What's funny is that I feel really comfortable talking about bodily functions, sex, periods, how babies are born, etc... with my boys, but it's my husband who blushes and changes the subject.

In his family NO ONE talks about ANYTHING that goes on behind closed doors. His mom winces when I ask "does the baby have a poop diaper?" She prefers the initials "B.M." "Fart" is as offensive a word as f--k, and as far as their kids were concerned the stork dropped off all four on the doorstep (fully clothed of course.)

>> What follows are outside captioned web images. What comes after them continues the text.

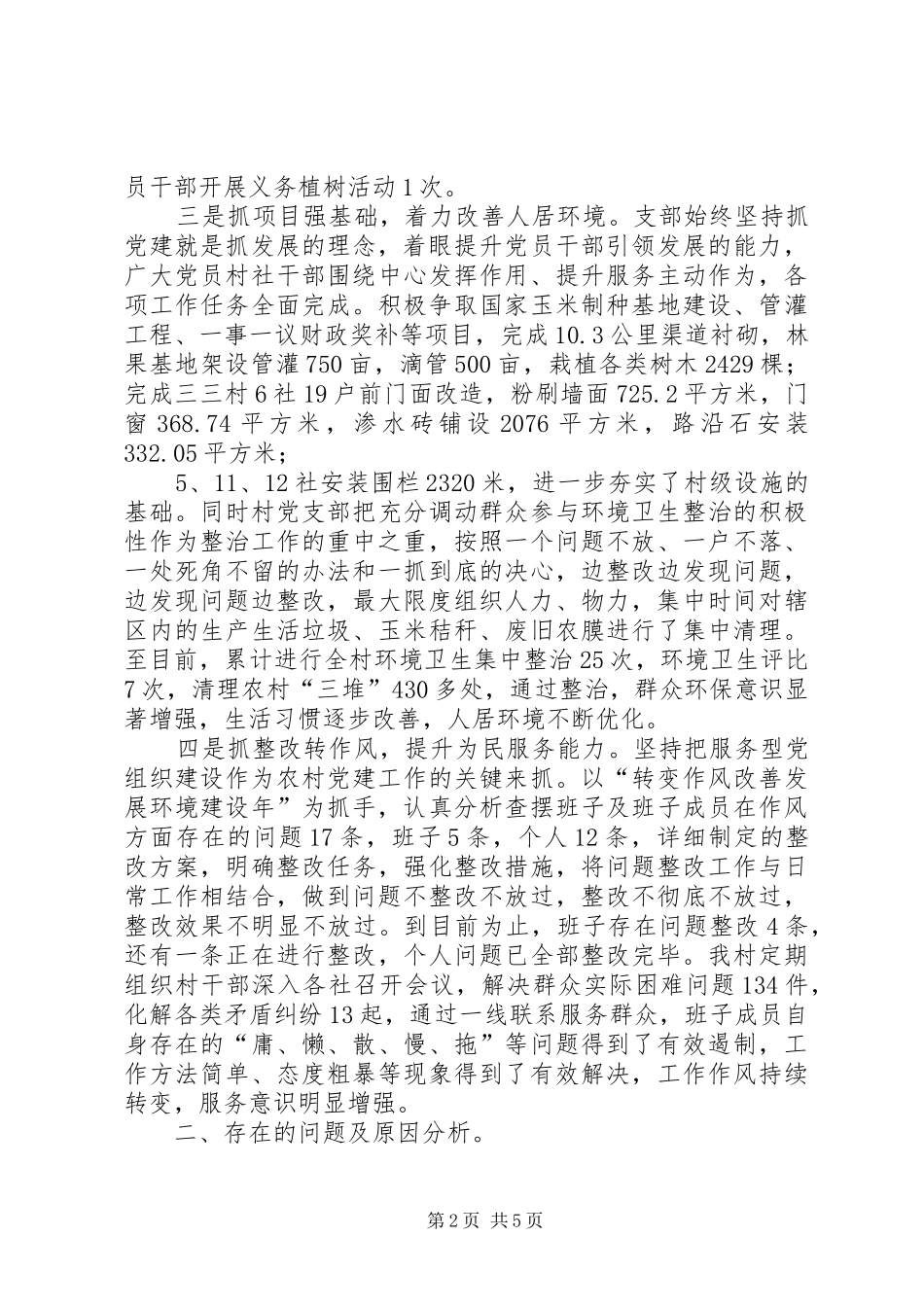 XX年村党支部书记抓党建工作专项述职报告_第2页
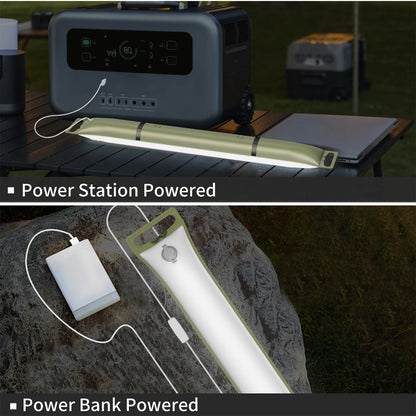 SELORSS Solar Camping Lantern 2000mAh Folding  Waterproof 3 Warm Light for Hiking Camping Fish USB-Type C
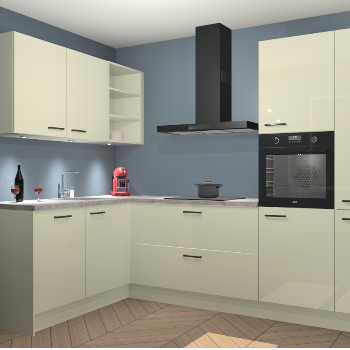 Magnolia Hoogglans keuken Cognac 99984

I'm so glad times have changed. If you know about your body and how things work, you are gonna be far less likely to to suffer obvious consequences. Just throwing kids out without education is like putting a 12 year old in the seat of a three story wrecking ball crane and saying "I need you to get across the city without hitting anything."

~Jen

Tracee said...

Good analogy.

It's funny that we instinctually go with what our parents did - even if it wasn't effective.

My hubby recently said doesn't think I should say vagina, vulva or penis in front of the children because "they just don't need to know those words."

Uh, That's what they're called! His family was even more closed lipped than mine was.

Though, I was recently shocked when his mother said, "if a kid is asking they are ready to know." Ainsley was only 4 at the time. Maybe her kids never asked? I don't know.

mrs. blogoway said...

I'll have to look for that book (or can I borrow it?)

Tracee said...

sure thing.

Katrina said...

Does the book deal with sex as more than just procreation? E.g. sex for pleasure, masturbation, between gays or between lesbians?

Just curious before I check it out.

Tracee said...

Katrina this book covers literally everything. I was surprised by the vastness of information.

It discusses homosexuality, the difference between transexuals and transvestites. The AIDS epidimic - how you can get it and how you can prevent it. Sexually transmitted diseases. What they are and how to prevent them.

Mean girl behavior, modernday technology risks, pornography, masterbation.

Oral sex, dental dams, home-made dental dams, how to use a condom, what kind of condom to use.

Vaccines, birth control.

The knowledge and awareness of kids today. Where they are getting information and how to filter it appropriately for them.

This is not a book for children.

This is a book for adults, to help you better talk to your children.

This is also politically, NOT an abstinence-only book.

This is a book that encourages informed responsiblity.

It also deals with talking to your kids about expecting respect from their sexual partners.

Katrina said...

Thanks, Tracee! I will check it out.

Another book I have out from the library but haven't opened yet was recommended highly by friends and sounds similar to this one:
Everything You Never Wanted Your Kids to Know About Sex But Were Afraid They'd Ask.

Tracee said...

no problem Katrina - The one you recommend sounds good. I'll check it out sometime.